───── DATA FOR PROCESSING ─────

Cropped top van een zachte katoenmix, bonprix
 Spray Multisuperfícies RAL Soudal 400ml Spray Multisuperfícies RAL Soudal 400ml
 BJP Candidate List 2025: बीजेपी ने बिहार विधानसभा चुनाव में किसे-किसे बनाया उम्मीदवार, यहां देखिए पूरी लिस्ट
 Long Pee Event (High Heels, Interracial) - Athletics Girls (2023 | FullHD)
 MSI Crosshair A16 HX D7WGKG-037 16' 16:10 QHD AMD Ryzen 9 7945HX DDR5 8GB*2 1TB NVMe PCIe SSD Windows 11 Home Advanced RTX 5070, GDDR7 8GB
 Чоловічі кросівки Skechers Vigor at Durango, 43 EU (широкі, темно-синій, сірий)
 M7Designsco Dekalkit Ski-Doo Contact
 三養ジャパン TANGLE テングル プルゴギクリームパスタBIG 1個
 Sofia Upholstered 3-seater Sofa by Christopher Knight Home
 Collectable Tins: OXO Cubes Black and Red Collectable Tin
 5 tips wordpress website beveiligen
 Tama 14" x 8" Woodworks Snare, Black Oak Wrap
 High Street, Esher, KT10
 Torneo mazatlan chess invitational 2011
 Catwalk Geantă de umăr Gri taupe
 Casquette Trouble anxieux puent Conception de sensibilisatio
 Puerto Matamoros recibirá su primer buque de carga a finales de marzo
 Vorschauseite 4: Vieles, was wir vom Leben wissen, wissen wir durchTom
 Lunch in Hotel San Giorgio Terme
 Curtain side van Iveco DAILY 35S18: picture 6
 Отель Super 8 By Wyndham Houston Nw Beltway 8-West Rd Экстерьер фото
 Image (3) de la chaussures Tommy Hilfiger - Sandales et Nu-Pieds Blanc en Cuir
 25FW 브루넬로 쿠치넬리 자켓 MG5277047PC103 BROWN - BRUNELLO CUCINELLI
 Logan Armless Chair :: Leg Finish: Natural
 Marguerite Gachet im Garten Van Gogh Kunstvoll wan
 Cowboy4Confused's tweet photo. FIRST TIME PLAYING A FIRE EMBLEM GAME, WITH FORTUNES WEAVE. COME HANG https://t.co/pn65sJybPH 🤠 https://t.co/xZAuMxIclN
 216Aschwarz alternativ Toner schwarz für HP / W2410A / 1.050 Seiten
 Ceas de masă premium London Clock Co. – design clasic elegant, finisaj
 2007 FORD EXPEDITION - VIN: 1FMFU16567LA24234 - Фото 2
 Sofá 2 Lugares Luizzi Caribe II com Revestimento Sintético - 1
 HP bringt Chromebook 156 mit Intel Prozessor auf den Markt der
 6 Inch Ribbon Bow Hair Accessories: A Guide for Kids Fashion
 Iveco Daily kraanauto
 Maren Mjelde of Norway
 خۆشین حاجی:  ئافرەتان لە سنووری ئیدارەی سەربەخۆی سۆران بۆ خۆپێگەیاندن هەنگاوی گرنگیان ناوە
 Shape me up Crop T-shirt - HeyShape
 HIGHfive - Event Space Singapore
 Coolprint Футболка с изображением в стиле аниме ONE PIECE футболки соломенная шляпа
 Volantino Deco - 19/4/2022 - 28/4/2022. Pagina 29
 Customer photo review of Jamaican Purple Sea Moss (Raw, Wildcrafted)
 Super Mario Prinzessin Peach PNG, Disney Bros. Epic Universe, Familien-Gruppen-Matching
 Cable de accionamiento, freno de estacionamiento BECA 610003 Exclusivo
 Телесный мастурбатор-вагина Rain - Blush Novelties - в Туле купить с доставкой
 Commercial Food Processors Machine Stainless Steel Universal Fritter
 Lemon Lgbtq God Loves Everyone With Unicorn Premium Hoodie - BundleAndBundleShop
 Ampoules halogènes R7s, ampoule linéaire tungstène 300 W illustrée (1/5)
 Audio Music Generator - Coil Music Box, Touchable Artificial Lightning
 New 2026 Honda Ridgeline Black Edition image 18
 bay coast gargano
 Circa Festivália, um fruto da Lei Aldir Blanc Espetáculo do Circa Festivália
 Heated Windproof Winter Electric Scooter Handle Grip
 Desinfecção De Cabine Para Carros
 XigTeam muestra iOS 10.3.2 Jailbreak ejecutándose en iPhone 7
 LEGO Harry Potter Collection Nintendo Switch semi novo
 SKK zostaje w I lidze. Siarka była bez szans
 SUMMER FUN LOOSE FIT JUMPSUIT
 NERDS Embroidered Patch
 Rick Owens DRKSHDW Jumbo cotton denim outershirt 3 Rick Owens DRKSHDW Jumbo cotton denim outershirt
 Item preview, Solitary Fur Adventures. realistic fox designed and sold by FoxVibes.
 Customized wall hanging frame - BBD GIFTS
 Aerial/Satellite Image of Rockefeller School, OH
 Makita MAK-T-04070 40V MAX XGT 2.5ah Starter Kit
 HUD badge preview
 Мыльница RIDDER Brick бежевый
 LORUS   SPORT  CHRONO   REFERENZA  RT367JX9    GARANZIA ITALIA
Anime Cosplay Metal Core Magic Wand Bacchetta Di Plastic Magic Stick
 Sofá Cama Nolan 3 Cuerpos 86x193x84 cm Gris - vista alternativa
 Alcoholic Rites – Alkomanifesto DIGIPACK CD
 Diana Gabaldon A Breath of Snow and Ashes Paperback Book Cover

─────

■ TO DO ■
Looking at the entries above, count the lines that hold the string "photo" and reply with the count alone.

■ ANSWER SECTION ■
2